My question is how do I get good with this task? Are there any resources which teach how to tackle this issue?
Any help here will be greatly appreciated.
Thanks.
It’s a good question, but unfortunately I don’t think there is any easy answer. If it’s any comfort, you are definitely not alone in this. The problem is that academic papers are written with a target audience of other experts in the field. They typically go through a review process, but the reviewers are also domain experts. The reviewers are looking for correctness and completeness of evidence, but are most likely not using accessibility of the explanations to non-experts as one of the review criteria. It’s unfortunate, but you could look at this as being analogous to text books in a field: if you pick up say a math text book for a third year undergraduate course, it assumes you have taken the first and second year courses, so it may well not be understandable to someone who has not taken those prerequisites.
You can get lucky in some cases and the authors are more generous in terms of making more of an effort to make their work accessible to a wider audience. Also in some cases the authors will release their source code on GitHub showing an implementation of their ideas. Of course with source code you also have levels of accessibility: if you’re a software engineer writing code that you know needs to be maintained in a production environment for years, you hold yourself to a higher standard for clarity and maintainability of code than if it’s just a “throwaway” effort to demonstrate some idea. Meaning that just because there is source code doesn’t mean it will be easy to understand.

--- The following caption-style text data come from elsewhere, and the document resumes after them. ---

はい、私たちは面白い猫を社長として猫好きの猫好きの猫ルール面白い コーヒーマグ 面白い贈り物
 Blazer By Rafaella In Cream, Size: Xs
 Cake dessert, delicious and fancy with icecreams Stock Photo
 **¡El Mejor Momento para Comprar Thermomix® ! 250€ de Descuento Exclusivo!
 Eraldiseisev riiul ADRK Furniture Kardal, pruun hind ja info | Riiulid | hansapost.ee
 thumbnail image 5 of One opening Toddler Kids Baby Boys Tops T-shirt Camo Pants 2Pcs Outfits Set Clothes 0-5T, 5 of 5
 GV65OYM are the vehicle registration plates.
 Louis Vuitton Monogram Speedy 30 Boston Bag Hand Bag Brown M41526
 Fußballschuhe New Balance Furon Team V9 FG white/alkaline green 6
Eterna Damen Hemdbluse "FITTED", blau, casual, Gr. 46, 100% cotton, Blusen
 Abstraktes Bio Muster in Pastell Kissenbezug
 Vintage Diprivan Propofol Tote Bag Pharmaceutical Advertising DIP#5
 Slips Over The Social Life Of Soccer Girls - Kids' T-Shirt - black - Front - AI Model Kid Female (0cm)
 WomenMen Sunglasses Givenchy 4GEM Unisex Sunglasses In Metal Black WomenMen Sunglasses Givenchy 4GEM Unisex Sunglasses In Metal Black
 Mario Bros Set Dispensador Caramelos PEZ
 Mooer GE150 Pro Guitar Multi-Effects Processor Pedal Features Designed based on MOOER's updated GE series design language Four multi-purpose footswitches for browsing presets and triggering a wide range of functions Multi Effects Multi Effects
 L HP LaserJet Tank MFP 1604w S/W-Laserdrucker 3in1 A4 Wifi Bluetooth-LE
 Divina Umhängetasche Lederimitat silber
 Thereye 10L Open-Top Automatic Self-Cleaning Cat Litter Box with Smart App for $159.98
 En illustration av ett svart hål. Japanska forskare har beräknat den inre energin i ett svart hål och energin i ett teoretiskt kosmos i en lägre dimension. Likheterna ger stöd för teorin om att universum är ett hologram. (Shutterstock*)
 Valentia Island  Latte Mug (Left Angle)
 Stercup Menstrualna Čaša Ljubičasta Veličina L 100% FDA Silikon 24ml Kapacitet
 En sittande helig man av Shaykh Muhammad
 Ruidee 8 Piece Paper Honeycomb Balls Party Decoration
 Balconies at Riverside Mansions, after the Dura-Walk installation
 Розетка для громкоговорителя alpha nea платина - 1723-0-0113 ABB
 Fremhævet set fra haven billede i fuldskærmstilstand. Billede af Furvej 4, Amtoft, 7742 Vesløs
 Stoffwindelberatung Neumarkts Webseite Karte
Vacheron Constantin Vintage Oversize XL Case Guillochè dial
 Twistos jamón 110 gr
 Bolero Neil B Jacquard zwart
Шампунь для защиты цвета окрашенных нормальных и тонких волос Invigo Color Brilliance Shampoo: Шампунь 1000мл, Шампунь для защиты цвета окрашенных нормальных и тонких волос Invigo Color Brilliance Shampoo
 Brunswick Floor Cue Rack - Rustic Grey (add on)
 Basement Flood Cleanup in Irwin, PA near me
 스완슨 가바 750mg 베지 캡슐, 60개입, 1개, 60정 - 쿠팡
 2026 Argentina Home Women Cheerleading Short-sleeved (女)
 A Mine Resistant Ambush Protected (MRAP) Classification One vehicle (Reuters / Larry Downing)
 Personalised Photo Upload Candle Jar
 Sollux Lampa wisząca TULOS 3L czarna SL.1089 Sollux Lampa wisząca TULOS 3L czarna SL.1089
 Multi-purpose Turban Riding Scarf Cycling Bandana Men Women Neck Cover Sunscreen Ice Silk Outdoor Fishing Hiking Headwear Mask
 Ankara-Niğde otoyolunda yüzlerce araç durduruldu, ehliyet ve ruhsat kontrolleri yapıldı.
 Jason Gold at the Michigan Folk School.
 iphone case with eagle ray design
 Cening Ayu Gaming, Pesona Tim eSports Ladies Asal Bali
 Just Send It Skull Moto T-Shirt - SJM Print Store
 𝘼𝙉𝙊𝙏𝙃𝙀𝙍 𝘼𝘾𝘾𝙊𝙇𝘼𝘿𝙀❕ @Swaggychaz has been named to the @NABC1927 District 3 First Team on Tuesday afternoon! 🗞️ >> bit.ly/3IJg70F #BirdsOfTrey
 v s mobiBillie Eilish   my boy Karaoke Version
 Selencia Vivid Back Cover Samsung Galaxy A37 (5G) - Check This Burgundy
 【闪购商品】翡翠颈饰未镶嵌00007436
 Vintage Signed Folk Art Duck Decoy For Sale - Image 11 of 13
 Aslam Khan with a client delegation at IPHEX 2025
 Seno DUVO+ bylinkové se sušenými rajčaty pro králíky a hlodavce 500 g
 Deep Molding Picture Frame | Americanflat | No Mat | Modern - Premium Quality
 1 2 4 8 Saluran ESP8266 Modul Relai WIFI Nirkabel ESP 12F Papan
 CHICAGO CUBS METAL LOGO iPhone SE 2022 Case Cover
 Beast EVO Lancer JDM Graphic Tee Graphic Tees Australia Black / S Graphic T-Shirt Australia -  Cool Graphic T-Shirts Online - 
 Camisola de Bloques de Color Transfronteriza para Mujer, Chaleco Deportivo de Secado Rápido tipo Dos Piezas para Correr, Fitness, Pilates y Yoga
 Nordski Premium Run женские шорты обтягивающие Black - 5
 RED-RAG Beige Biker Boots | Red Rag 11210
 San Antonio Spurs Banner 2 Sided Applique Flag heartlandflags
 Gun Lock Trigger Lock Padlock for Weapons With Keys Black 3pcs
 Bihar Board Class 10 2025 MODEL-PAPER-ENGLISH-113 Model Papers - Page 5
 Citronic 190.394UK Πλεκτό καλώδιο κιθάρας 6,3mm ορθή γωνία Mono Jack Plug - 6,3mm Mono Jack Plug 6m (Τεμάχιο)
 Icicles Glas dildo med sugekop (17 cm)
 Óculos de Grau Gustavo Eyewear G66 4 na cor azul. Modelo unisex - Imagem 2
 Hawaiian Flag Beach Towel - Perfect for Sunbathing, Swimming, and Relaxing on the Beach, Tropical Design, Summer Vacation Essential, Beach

The best advice I can think of is just not to get discouraged and keep trying. Keep upgrading your knowledge by taking more courses. One positive idea is that the courses here frequently give references to papers. I’m most familiar with DLS and for example in Course 4 about Convolutional Networks, Prof Ng gives references to the papers behind the ideas that he is presenting. I also recall a few cases in which he is specific about encouraging us to look at the paper because it’s more accessible than most. It would be worth checking the references in DLS C4. If you can find some papers there which are more accessible, that might give you a way to get more comfortable in the discipline of reading and understanding papers.